(Short text fragments from websites)
----
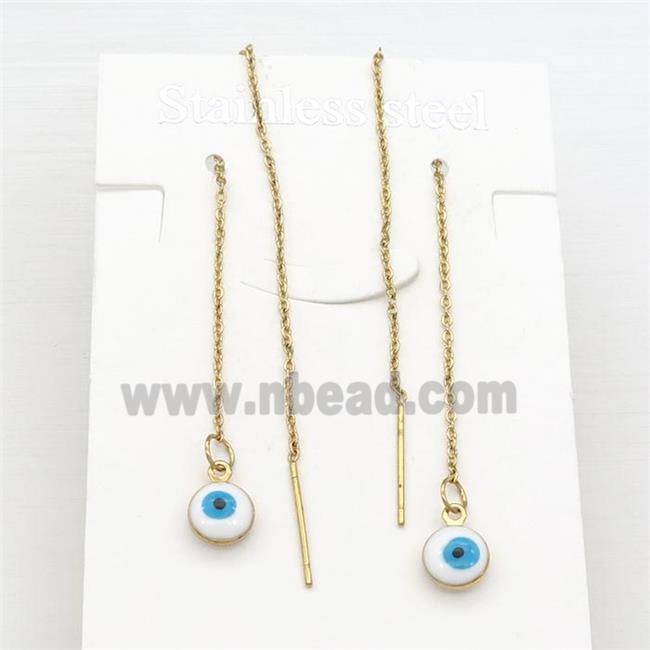 stainless steel Wire Earring with white enamel Evil Eye, gold plated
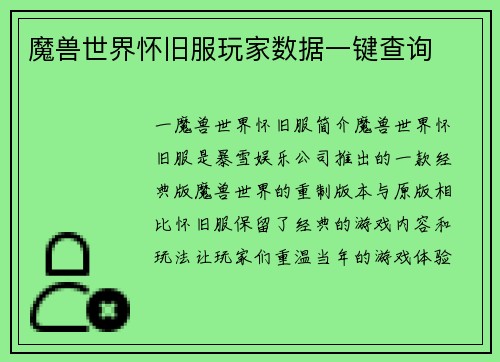 魔兽世界怀旧服玩家数据一键查询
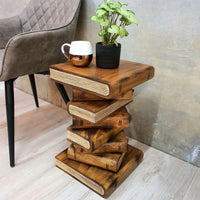 Side Table, corner Stool, Plant Stand Raintree Wood Natural Finish-Book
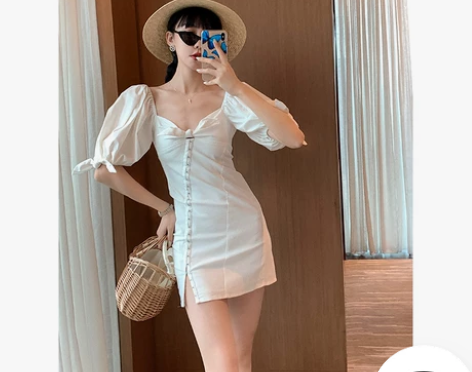 Haze禾枝泡泡袖连衣裙女夏季裙子轻熟风 ...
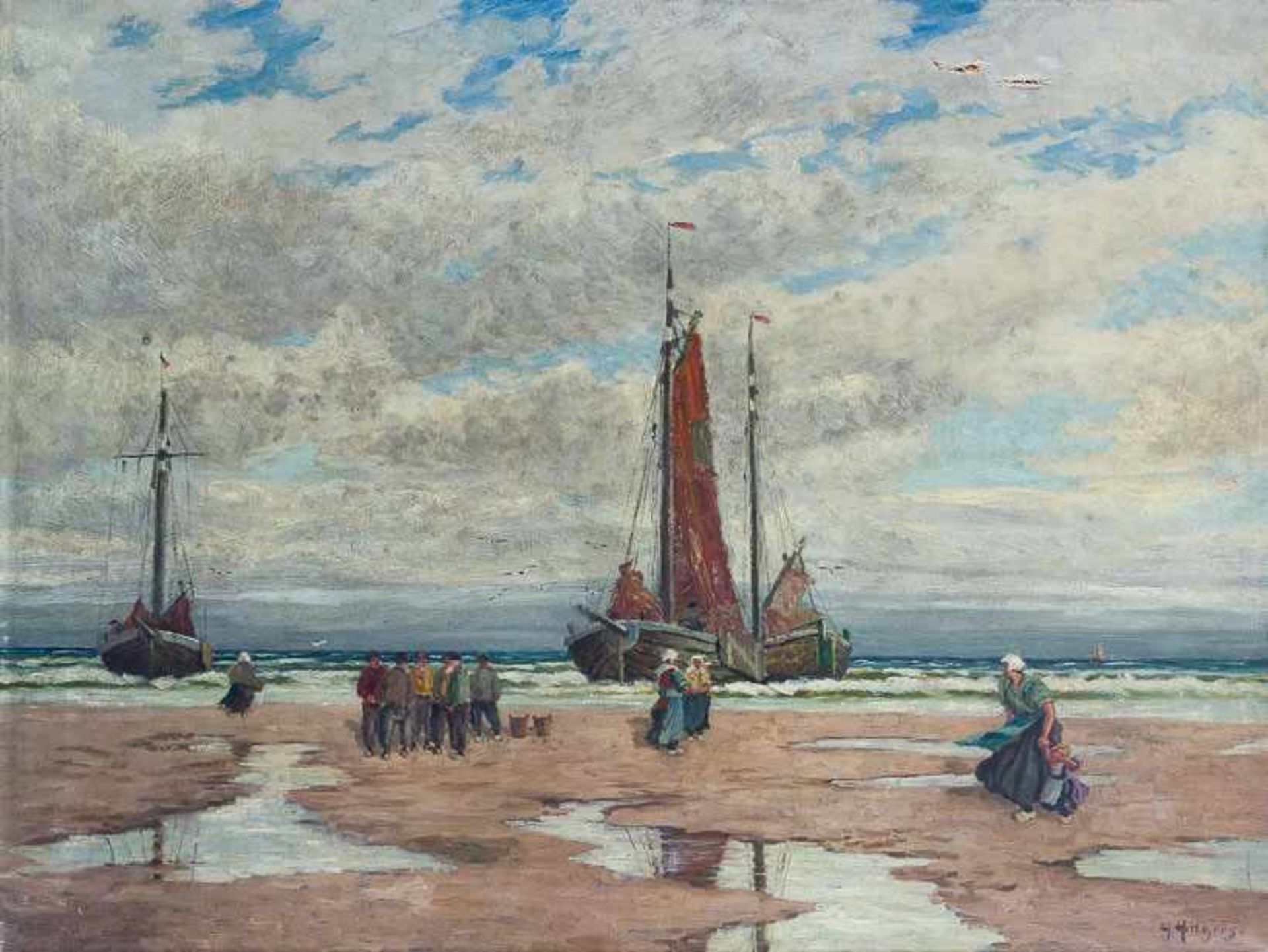 Hilgers, Adolf (1896-1959) Strand mit ankerndem Botter und Fischern. Sign. Lwd. (2 Einrisse) 60×80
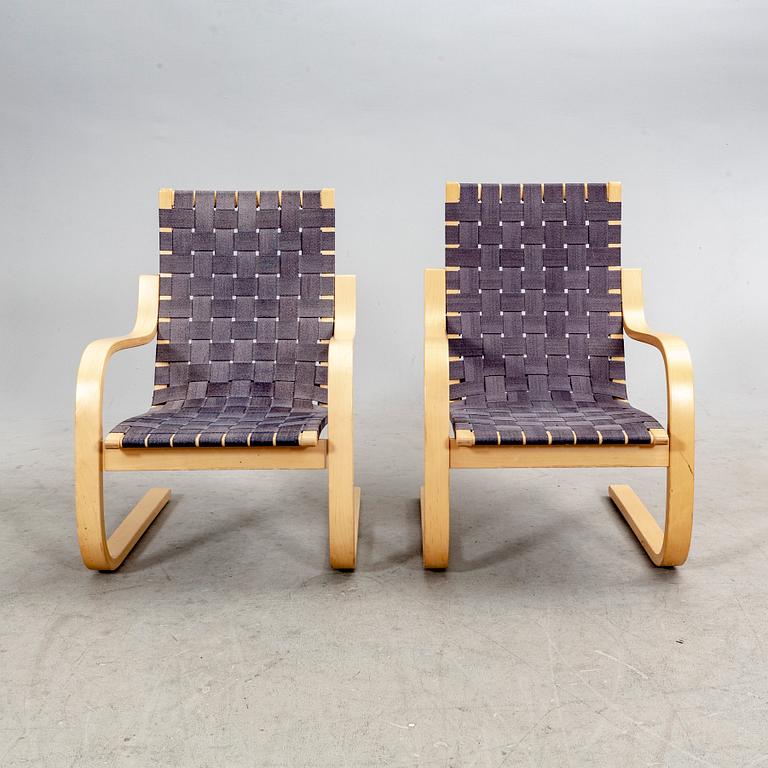 Alvar Aalto, a pari of  birch armchairs model nr 406 21st century.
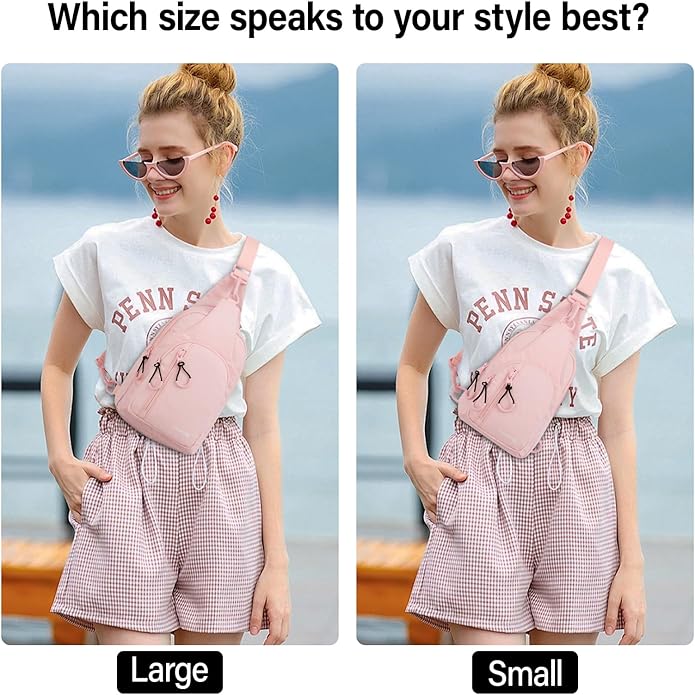 Hanke Crossbody Sling Bag for Women Men, Casual Cross Body Sling Bags, Lightweight Chest Bag for Outdoor Hiking Travel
----
**HOW TO COMPLETE THIS TASK**
Each record above goes into the copy word for word; the pictures do not.

**REPLY TO THE EXERCISE**
 stainless steel Wire Earring with white enamel Evil Eye, gold plated
 魔兽世界怀旧服玩家数据一键查询
 Side Table, corner Stool, Plant Stand Raintree Wood Natural Finish-Book
 Haze禾枝泡泡袖连衣裙女夏季裙子轻熟风 ...
 Hilgers, Adolf (1896-1959) Strand mit ankerndem Botter und Fischern. Sign. Lwd. (2 Einrisse) 60×80
 Alvar Aalto, a pari of  birch armchairs model nr 406 21st century.
 Hanke Crossbody Sling Bag for Women Men, Casual Cross Body Sling Bags, Lightweight Chest Bag for Outdoor Hiking Travel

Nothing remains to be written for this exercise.